▶ **PROBLEM TO WORK ON**:
Where the string "Black" occurs in a line of the entries below, copy that line.

[Web page caption snippets]

--------------------------------

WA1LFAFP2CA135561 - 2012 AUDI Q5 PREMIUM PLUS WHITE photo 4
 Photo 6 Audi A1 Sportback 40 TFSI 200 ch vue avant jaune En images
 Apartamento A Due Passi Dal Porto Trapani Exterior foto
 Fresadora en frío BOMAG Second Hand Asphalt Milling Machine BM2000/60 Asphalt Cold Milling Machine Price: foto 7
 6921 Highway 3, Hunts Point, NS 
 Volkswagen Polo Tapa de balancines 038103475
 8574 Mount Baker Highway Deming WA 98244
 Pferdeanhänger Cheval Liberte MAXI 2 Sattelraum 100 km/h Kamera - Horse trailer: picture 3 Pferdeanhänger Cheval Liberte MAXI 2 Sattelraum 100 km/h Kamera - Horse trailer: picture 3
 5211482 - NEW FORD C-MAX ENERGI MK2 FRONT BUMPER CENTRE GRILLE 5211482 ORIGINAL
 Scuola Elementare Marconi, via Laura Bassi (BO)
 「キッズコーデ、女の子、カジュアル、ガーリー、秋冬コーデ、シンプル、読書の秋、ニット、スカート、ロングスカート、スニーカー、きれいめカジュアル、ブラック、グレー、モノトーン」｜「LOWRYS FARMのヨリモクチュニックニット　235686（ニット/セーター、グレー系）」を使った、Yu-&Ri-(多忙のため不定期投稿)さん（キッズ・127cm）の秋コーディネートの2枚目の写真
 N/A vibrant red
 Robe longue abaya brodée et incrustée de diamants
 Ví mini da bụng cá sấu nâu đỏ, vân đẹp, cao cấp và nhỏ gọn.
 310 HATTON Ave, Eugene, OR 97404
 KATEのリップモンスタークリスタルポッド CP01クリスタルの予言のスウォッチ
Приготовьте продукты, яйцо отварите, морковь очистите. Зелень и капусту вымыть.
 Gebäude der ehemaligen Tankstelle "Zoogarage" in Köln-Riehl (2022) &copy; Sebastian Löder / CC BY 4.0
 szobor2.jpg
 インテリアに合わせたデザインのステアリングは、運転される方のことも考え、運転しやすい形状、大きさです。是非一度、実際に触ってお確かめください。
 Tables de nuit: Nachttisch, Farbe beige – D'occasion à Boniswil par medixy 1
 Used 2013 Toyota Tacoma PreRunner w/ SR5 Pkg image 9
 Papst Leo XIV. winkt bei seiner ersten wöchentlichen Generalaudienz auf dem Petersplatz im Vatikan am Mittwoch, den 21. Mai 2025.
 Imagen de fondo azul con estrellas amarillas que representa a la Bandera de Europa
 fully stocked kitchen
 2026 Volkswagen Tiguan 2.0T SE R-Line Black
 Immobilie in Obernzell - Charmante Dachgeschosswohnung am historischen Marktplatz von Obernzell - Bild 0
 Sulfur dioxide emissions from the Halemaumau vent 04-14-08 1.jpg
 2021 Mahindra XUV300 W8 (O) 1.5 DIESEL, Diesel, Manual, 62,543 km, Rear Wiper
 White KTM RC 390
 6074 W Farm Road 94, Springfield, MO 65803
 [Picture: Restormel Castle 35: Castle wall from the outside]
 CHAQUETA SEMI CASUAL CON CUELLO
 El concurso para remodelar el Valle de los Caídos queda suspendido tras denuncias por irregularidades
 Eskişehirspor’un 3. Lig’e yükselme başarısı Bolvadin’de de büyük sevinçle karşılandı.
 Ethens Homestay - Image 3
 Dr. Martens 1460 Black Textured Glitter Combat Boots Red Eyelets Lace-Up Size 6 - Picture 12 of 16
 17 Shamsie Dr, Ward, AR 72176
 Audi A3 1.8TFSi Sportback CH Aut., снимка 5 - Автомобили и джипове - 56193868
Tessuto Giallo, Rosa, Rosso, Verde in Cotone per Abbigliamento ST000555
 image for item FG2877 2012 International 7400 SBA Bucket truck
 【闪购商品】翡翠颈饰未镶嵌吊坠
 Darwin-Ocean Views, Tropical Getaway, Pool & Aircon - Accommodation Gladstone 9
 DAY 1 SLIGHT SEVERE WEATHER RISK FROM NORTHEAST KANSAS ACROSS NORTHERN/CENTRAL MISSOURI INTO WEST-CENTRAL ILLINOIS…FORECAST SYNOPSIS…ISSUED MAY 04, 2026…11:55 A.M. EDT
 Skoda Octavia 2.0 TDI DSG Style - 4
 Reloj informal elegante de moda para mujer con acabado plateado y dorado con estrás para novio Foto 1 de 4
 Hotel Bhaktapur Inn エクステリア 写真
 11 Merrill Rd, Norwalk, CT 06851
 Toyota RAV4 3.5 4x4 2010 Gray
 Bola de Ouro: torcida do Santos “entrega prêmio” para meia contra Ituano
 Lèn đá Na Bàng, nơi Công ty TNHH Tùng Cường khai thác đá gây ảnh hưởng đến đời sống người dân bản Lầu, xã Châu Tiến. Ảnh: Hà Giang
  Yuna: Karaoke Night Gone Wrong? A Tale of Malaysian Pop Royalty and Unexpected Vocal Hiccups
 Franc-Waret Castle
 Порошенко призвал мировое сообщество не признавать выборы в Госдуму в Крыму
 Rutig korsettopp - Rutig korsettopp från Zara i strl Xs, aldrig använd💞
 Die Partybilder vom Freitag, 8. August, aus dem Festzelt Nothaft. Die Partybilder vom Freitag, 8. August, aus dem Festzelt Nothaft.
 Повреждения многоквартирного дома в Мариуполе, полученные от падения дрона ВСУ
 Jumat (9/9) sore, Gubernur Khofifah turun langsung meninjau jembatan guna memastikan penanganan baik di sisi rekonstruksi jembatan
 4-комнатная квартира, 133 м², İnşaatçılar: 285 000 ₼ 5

--------------------------------

▶ **COMPLETED EXERCISE**:
 2026 Volkswagen Tiguan 2.0T SE R-Line Black
 Dr. Martens 1460 Black Textured Glitter Combat Boots Red Eyelets Lace-Up Size 6 - Picture 12 of 16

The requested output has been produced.